Apart from the question of the probability of a credit event, from the retail client's point of view it is also not clear what happens to the repayment after the occurrence of a credit event. Offer conditions specify the determining of a repayment sum by a third party such as an ISDA committee. An auction or average calculation may be used to determine the size of the repayment sum. Unlike in the repayment of certificates linked to known underlyings (e.g. repayment according to the current share price), the complex valuation process following a credit event makes it impossible for retail clients to gain an adequate idea of the performance of credit-linked notes if a credit event should occur. This situation also highlights the specific complexity of the product structure.
This specific complexity is particularly evident in the case of credit-linked notes which are linked to a basket of multiple reference entities. With such products, the client has to assess the creditworthiness of multiple reference entities at once. If this product structure also has a repayment profile which is based on a "worst-of" mechanism (i.e. if even one reference entity in the underlying basket undergoes a credit event, repayment/ending of the investment occurs), it is not possible for a retail client to undertake a cumulative assessment of the total risk. Therefore, retail clients are also unable to estimate whether the promised interest payment is adequate compensation for the total risk assumed.
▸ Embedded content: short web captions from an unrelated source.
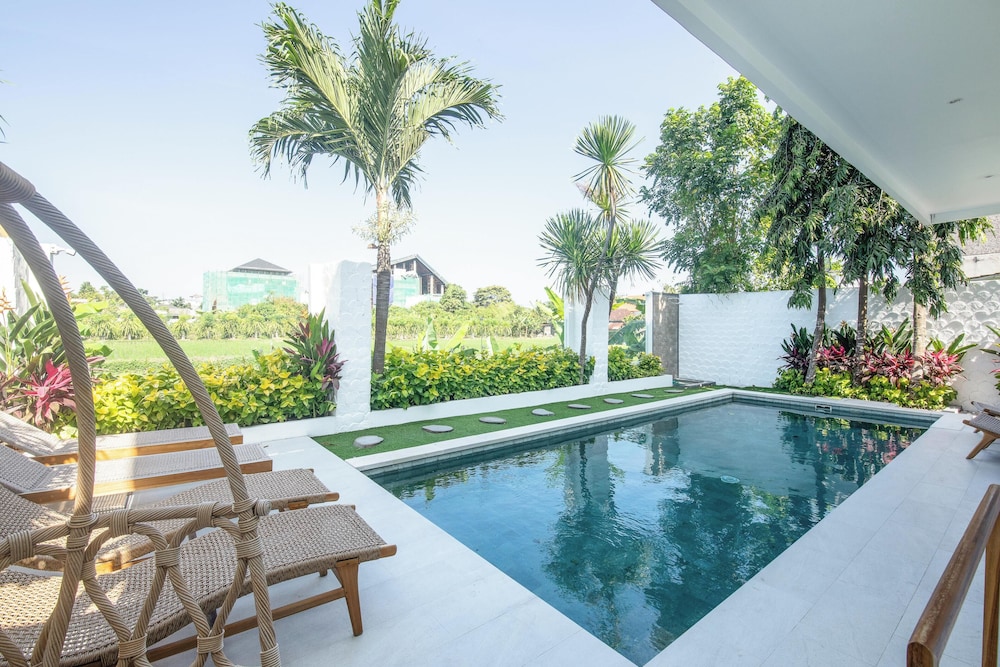 4 Bd Seminyak Retreat, Rice Fields 4 Mins to Beach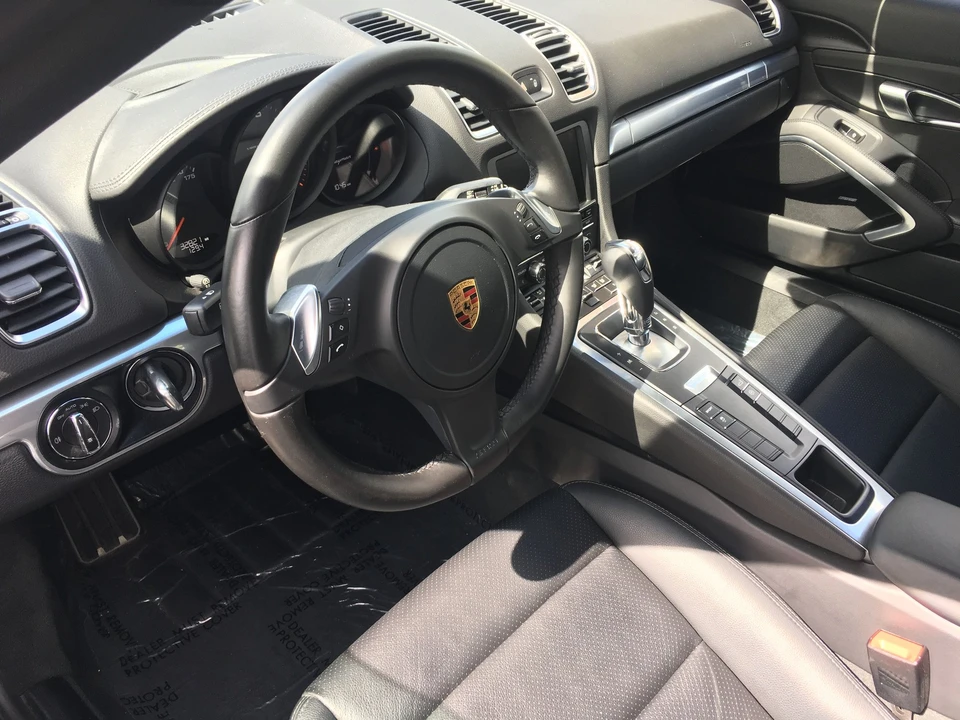 2016 Porsche 981 Cayman - Image 9 of 13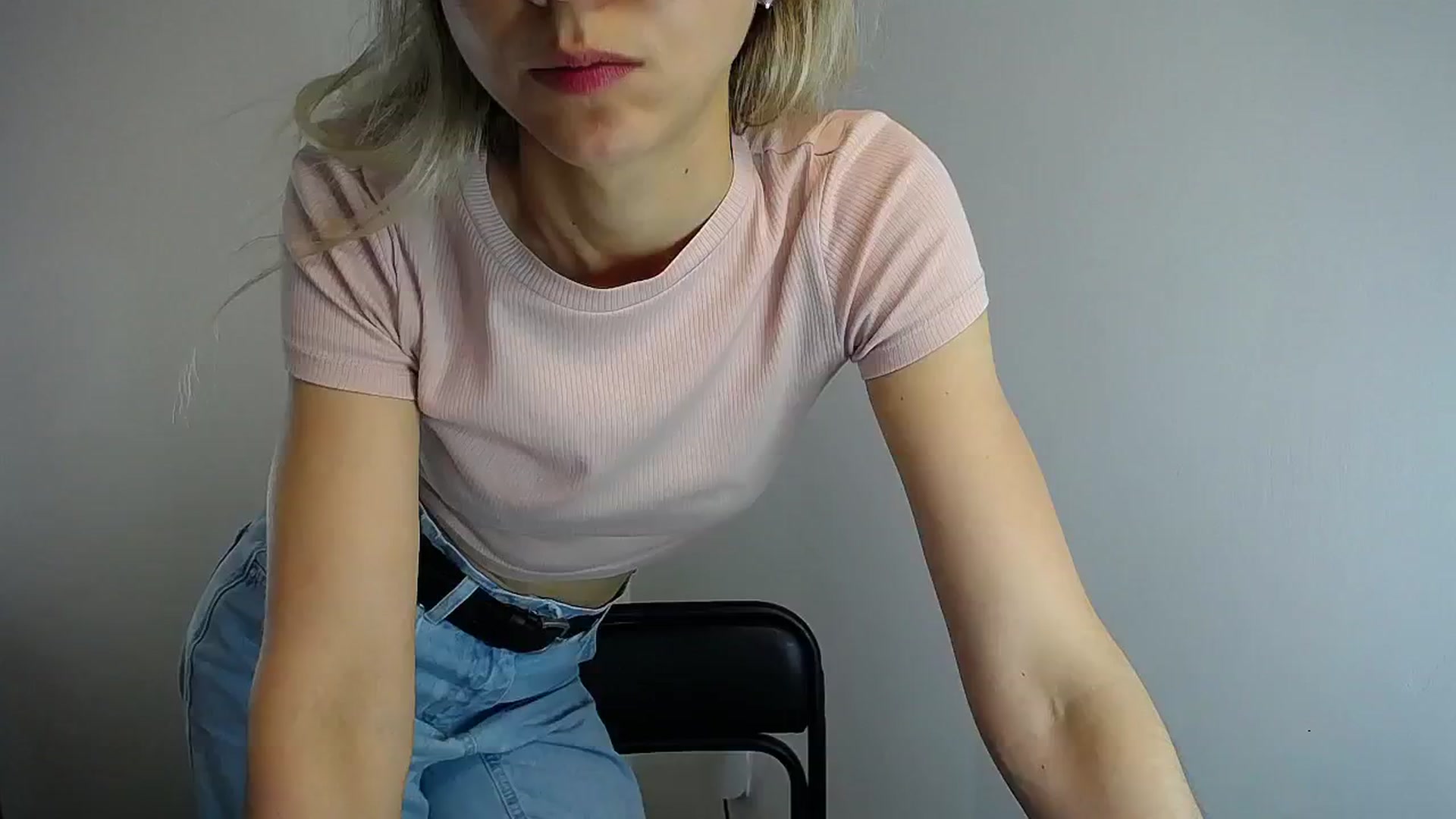 Gallery image thumbnail from Sunshine_alis's myfreecams stream on, 05/11/2024, 14:19 image 1 of 20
The credit-linked notes with a "flex" structure also illustrate the particular complexity of the product structure. In this case, the link between risk and return seems to have been removed: while the credit risk component of the product determines whether the interest payment takes place, the size of it is based on a reference rate. Any subsidising of the promised interest, e.g. by setting a minimum rate, is not clear due to the complexity of the product and the accumulation of its individual components. In this case, too, retail clients are unable to determine whether the promised return is adequate compensation for the risk assumed.
Civil law rulings have recognised that fixed-interest bonds linked to a credit derivative are regarded as complex owing to their structure: in particular, the risks of a fixed-interest bond with integrated credit derivative are not comparable with the risks of a "normal" fixed-interest bond9. Its particular way of working is primarily characterised by the various possibilities of irregular performance of a reference entity which may fulfil the definition of a credit event. Generally, retail clients have no concept of the conditions which need to be fulfilled for an adequate understanding of the legal term "credit event".
Incidentally, other European supervisory authorities also share the view that credit-linked notes should be classed as complex products. For example, ESMA included credit-linked notes as an example of debt instruments embedding a derivative which have a complex structure, making it difficult for the client to understand the risk10. The Italian securities supervision authority (Commissione Nazionale per le Società e la Borsa – CONSOB) also judges credit-linked financial products to be highly complex and typically unsuitable for retail clients11.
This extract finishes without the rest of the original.